Foi uma façanha singular do livro America’s Great Depression, de Murray Rothbard, ter demonstrado que a Grande Depressão foi uma crise criada e prolongada pelas tentativas do estado de evitar uma inevitável retração econômica. A resposta da política econômica ao declínio – impressão de mais dinheiro, sustentação artificial dos preços, arregimentação fascista de sindicatos para se tentar manter o nível de empregos, e uma série de vários outros artifícios – levou a um colapso dos preços da bolsa de valores e a uma liquidação sem precedentes de vários bancos, além de ter espalhado desordem por cada setor da economia. Algo que poderia ter durado de um ano a 18 meses, acabou durando 16 anos. (Ver Como Franklin Roosevelt piorou a Depressão e O New Deal ridicularizado (novamente)).
Naquela época, Ludwig von Mises tentou alertar para os perigos da intervenção. Veja seu livro Causes of the Economic Crisis. O mesmo fez F.A. Hayek. Veja o seu livro Prices and Production. O mesmo fez também Lord Robbins. Veja o seu livro The Great Depression.

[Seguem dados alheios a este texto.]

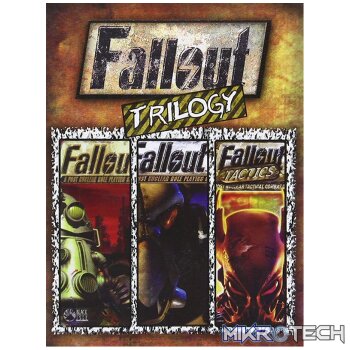 Fallout Trilogy Pack Steam CD Key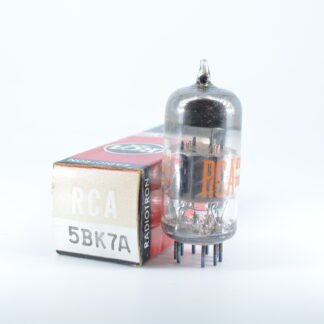 RCA 5BK7A| 5BK7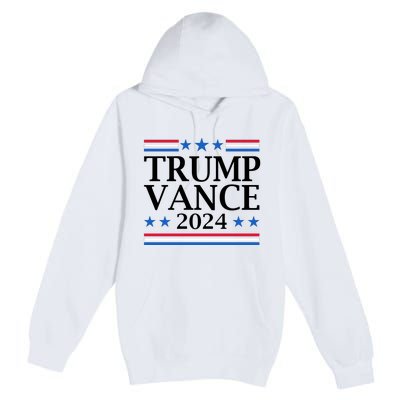 Trump Vance 2024 Premium Pullover Hoodie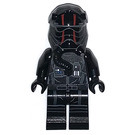 LEGO First Order TIE Pilot s Helma s Červená Pruhy Minifigurka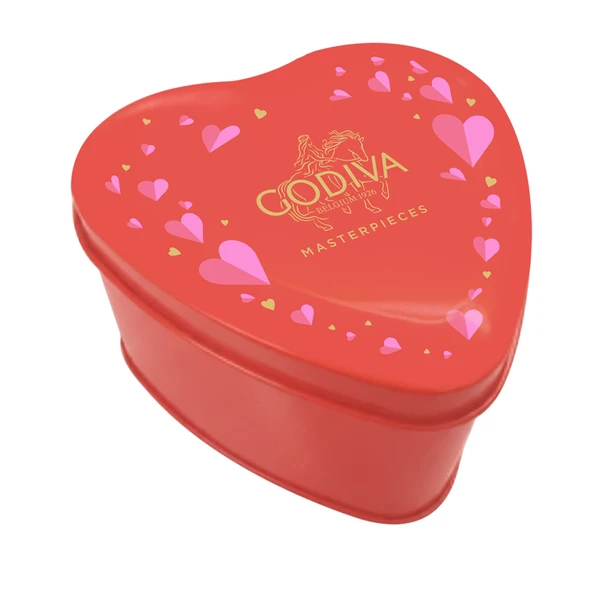 Godiva Dark Heart Dolgulu Bitter Çikolata 54 G (4'li Paket) ürün görseli 1
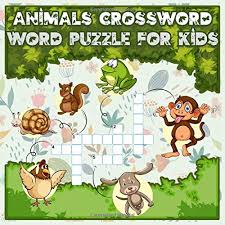 Picture puzzle is a crossword puzzle clue that we have spotted over 20 times. Animals Crossword Word Puzzle For Kids Forest Animals Crossword Puzzle Review Vocabulary And Spelling For Animals With This Super Fun Crossword Worksheet Dot To Dot Game For Children Education Studios Sinbad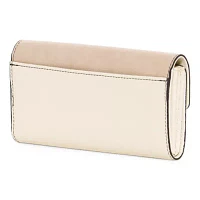 Liz Claiborne Envelope Clutch Womens Wallet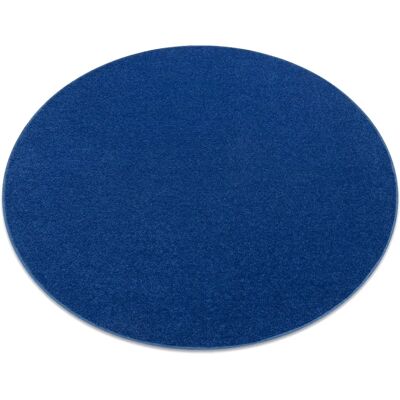 Alfombra redonda ETON azul de RugsX - Alfombra Alfombra redonda ETON azul de RugsX - Alfombra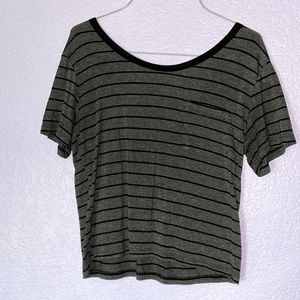 American Dream Juniors Crop Top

E, mesmo assim, essa visão ainda não se tornou comum. A sabedoria convencional segue dizendo que a Depressão foi um desastre natural, um furacão que varreu a sociedade e que precisava ser detido pelo governo. Uma outra visão, encontrada no trabalho dos monetaristas, diz que a Depressão foi causada pela omissão do governo em criar oceanos de papel-pintado. Essa parece ser a visão de Bernanke.

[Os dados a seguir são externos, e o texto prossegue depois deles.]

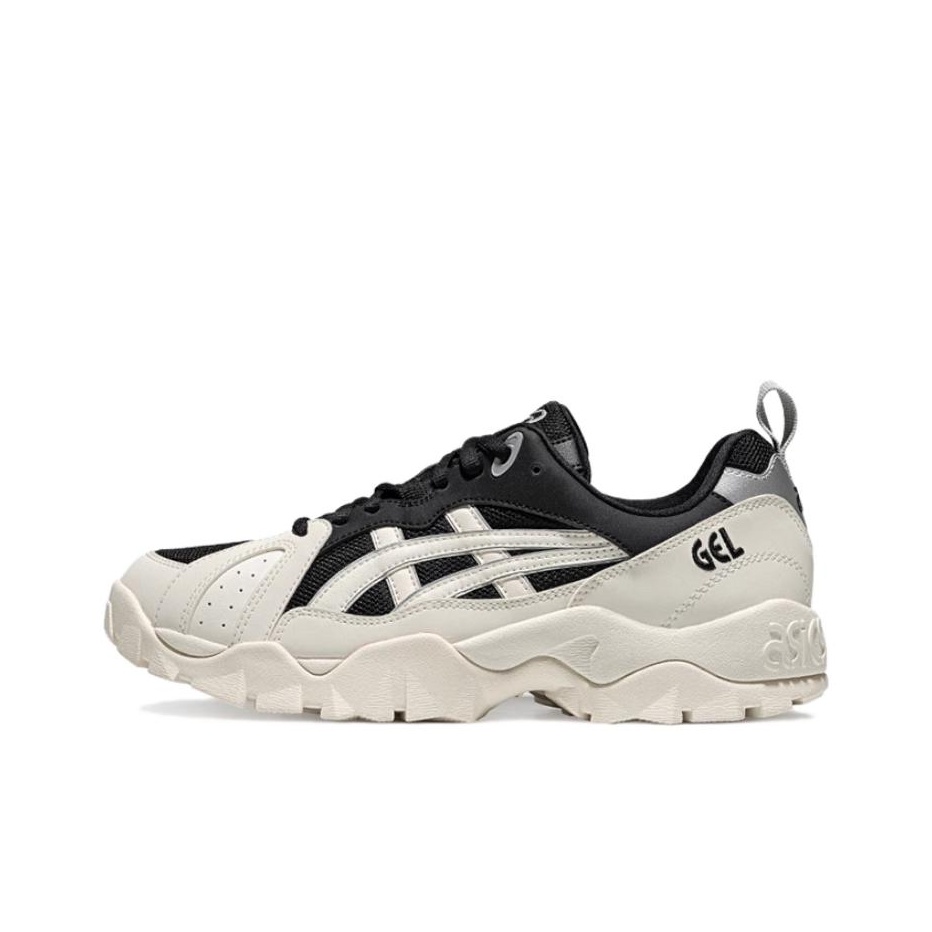 スニーカー ASICS Gel-Truck Sneakers Beige/Black UNISEX Asics Gel Truck Low Top Casual Shoes Unisex White Black - POIZON
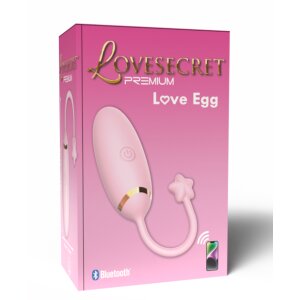 Lovesecret Premium Love Egg  App Controlled 9 Vibrations...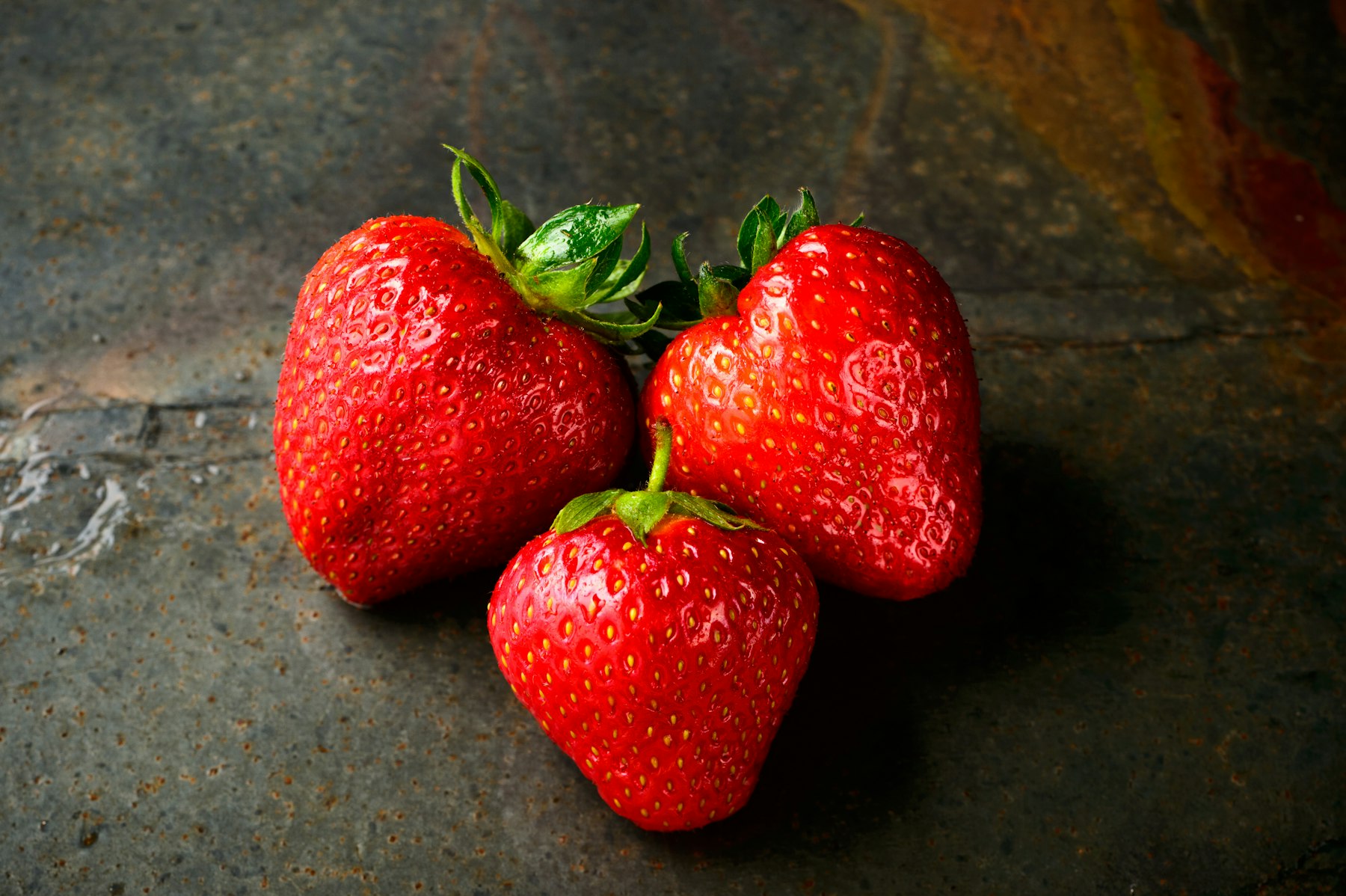 Quality-graded strawberries for global trade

Os EUA seguem prisioneiros cativos dessas visões falaciosas de causa e efeito. É por essa razão que temos visto uma quase unanimidade na defesa do socorro financeiro (chame do que você quiser: tutela, guarda, proteção, nacionalização, socialização, não importa) dado às gigantes do setor imobiliário Freddie Mac e Fannie Mae.
A Freddie e a Fannie carregam aproximadamente $5,3 trilhões em compromissos hipotecários e outros $2,4 trilhões em exposição financeira. O custo total dessa operação de resgate é desconhecido; pode chegar a $2 trilhões, sendo que a exposição futura é incalculável.

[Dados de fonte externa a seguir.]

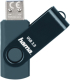 USB памет HAMA Rotate, 256GB,USB 3.0 90 MB-s, Петролно синьо снимка 3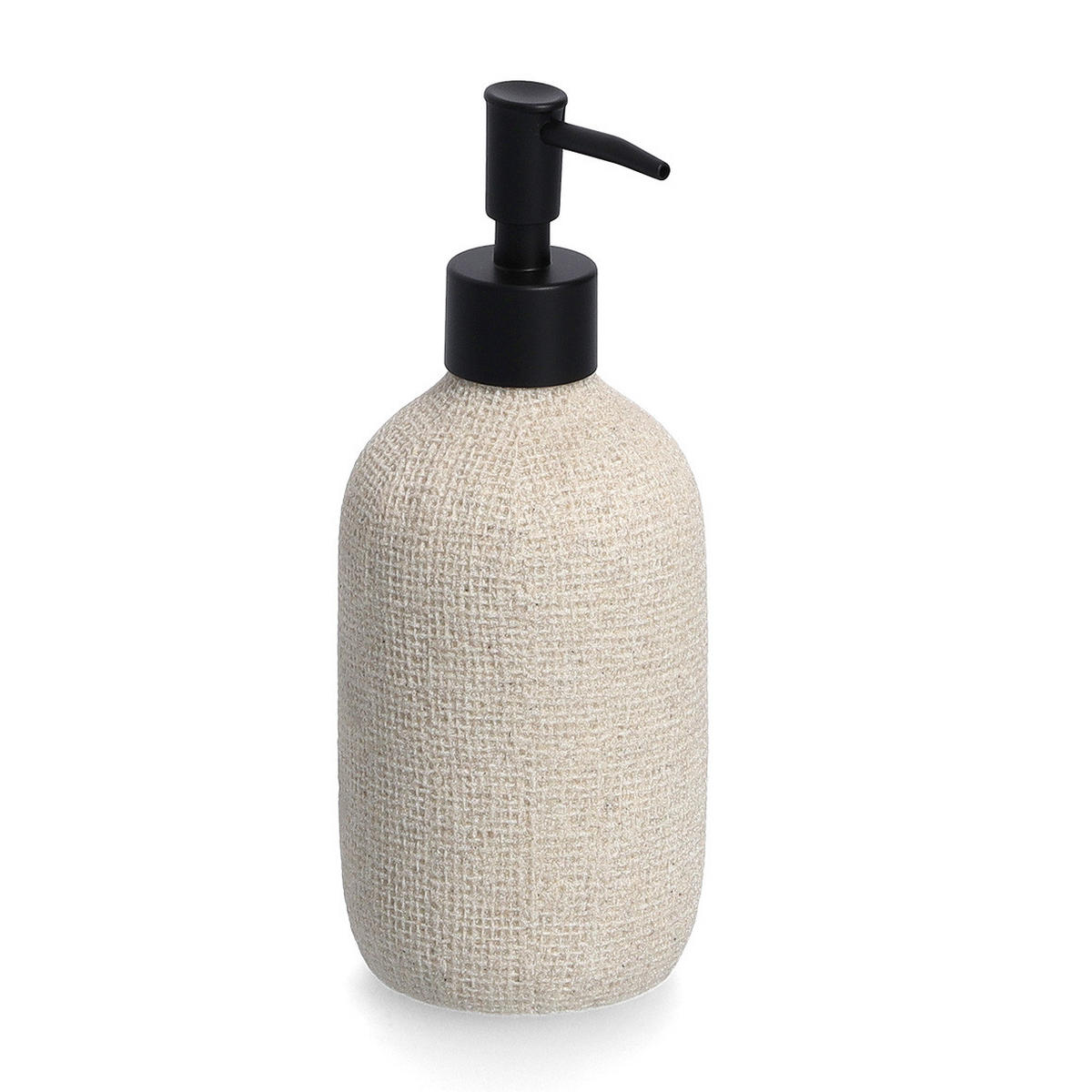 SEIFENSPENDER Natural - Beige - Beige, Stein (8/19.8/8cm) - Zeller Present
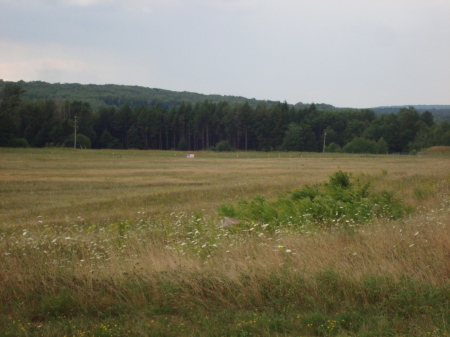 Field where Flight 93 Crashed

Essas duas instituições da era do New Deal foram fundadas com a intenção de acelerar o processo de aquisição de imóveis por indivíduos que, em condições normais, todos os bancos considerariam indignos de crédito. Mais à frente, já nos governos Johnson e Nixon, essas duas instituições ganharam permissão legal para se expandirem sem limites.
O motivo para tal foi um clássico esforço bipartidário: a aquisição universal de imóveis. Gerou-se o consenso de que todos os americanos tinham um direito natural à casa própria. A esquerda apoiava esse esquema, pois o considerava redistributivo. A direita também o apoiava, mas estava olhando para a suposta virtude moral associada à unidade familiar em uma morada suburbana. E assim nasceu o maior esquema de transferência de riqueza da história americana, além da Previdência Social e da indústria bélica.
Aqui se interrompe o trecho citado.